Word for word, print out all of the data, omitting every image.

── RECORDS ──

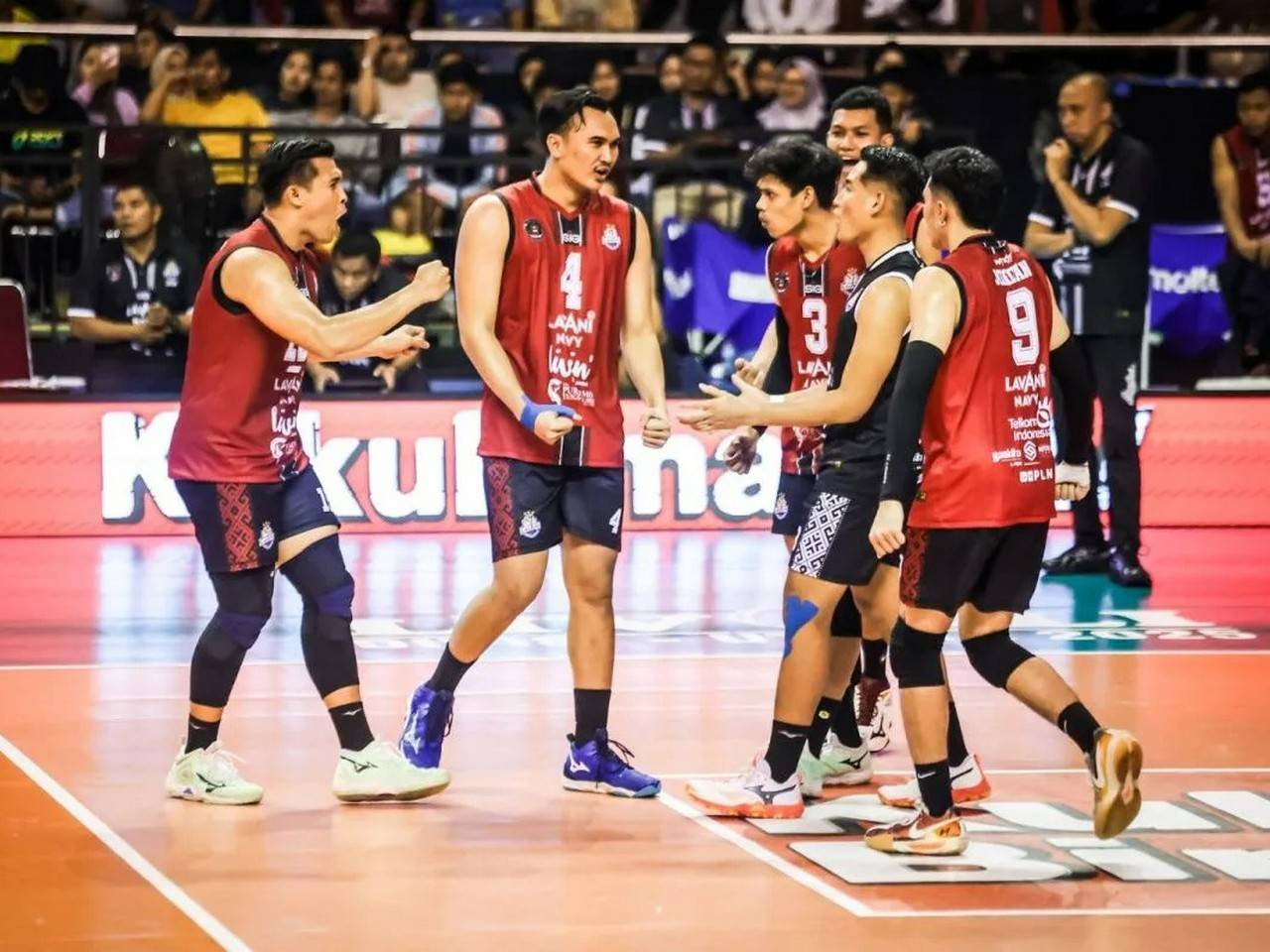 LavAni Navy Bantai TNI AU Electric, Erwin Rusni: Kemenangan Penting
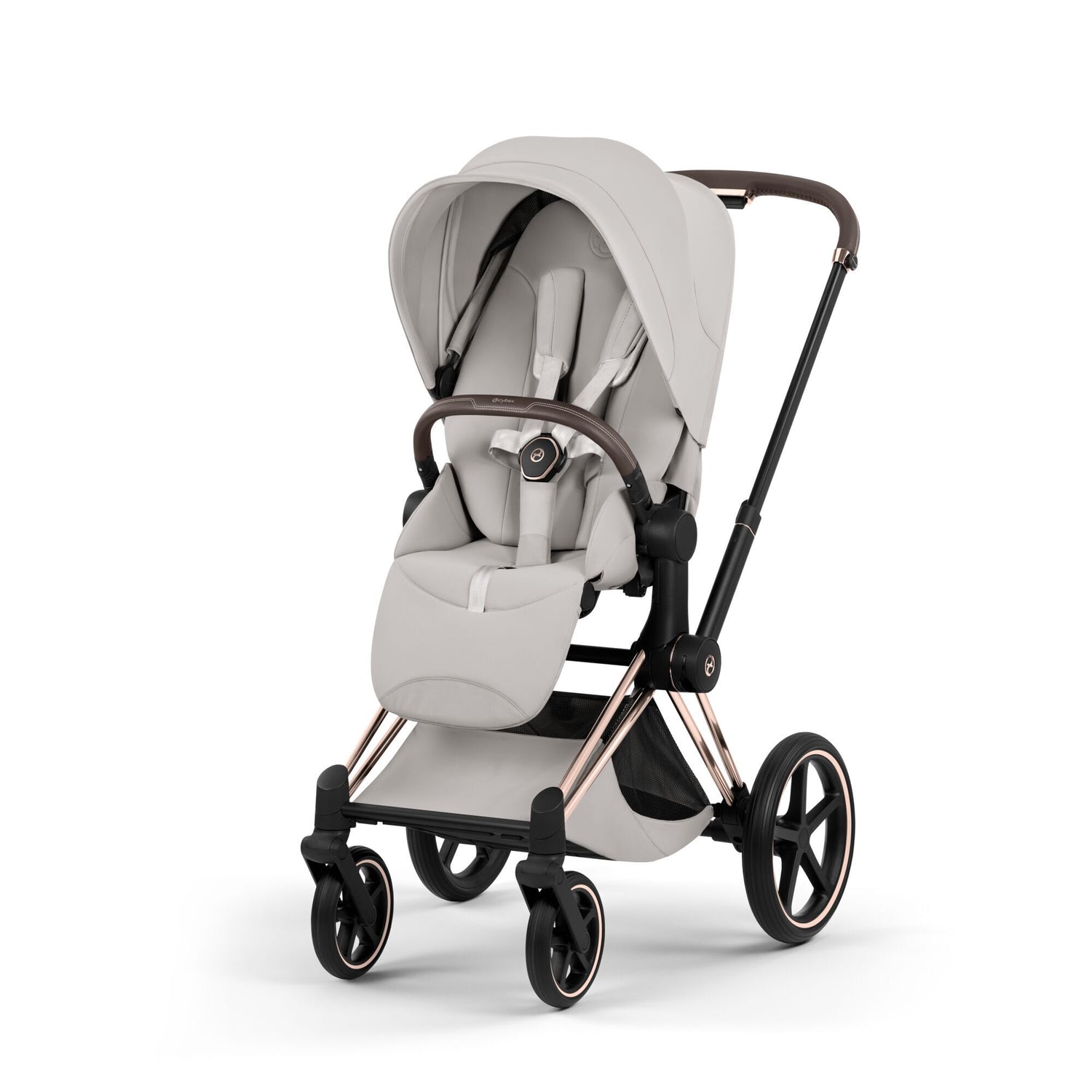 Cybex PRIAM STYLE matt black / city grey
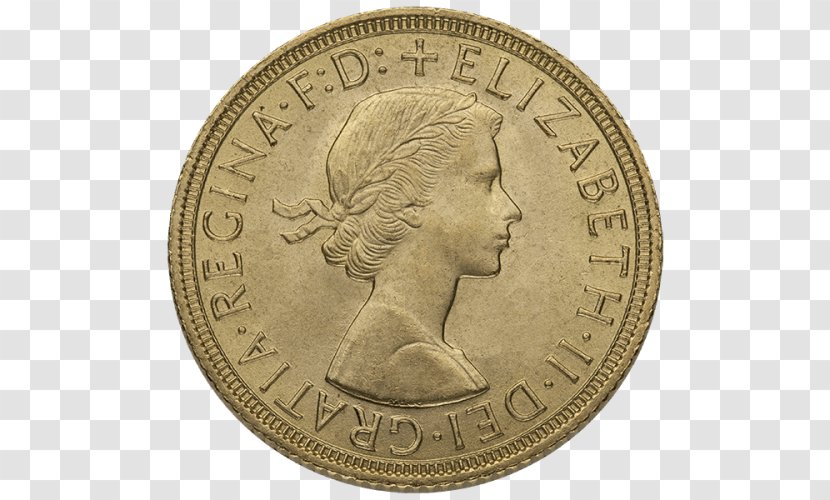 Bullion Coin Gold Ten Pence Transparent PNG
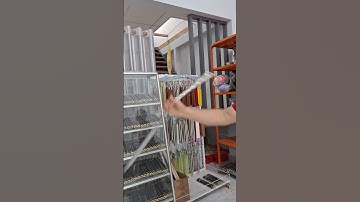 Côn nhị khúc inox xoắn
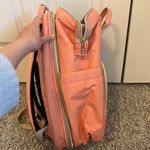 HOTBEST Coral Pink Diaper Bag Backpack NWOT Photo 4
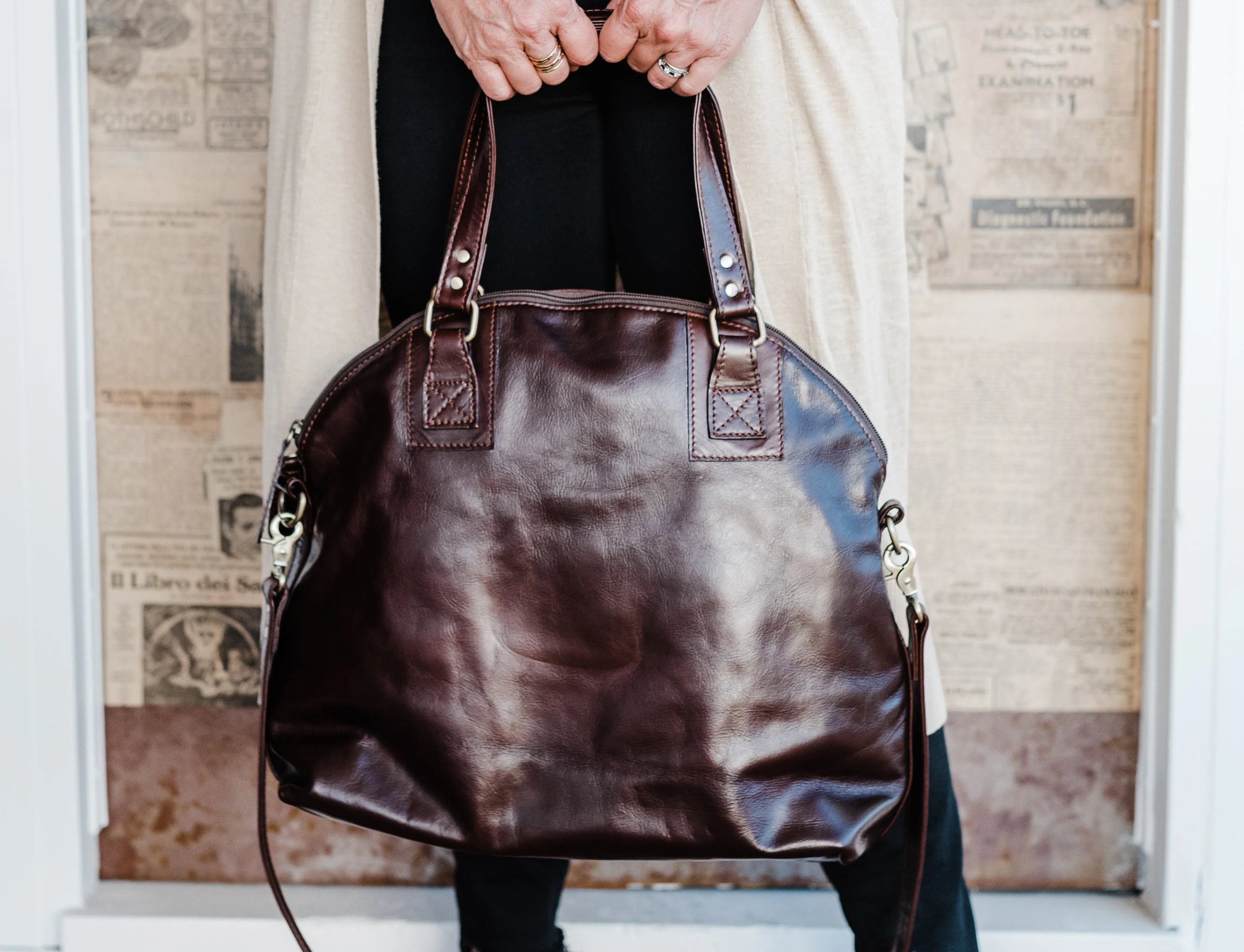 Leather Messenger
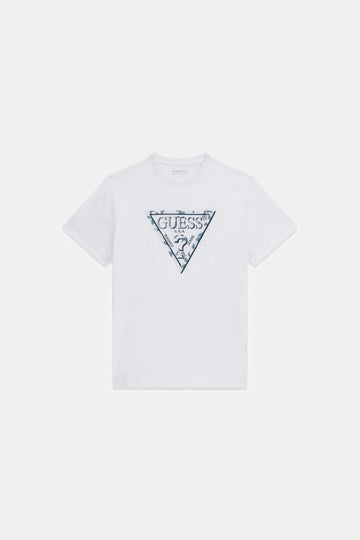 T-shirt Guess M6YI47K4233  TRIANGLE LEAVES EMBROIDE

───

OUTPUT FOR THIS TASK:
 LavAni Navy Bantai TNI AU Electric, Erwin Rusni: Kemenangan Penting
 Cybex PRIAM STYLE matt black / city grey
 Bullion Coin Gold Ten Pence Transparent PNG
 Côn nhị khúc inox xoắn
 HOTBEST Coral Pink Diaper Bag Backpack NWOT Photo 4
 Leather Messenger
 T-shirt Guess M6YI47K4233  TRIANGLE LEAVES EMBROIDE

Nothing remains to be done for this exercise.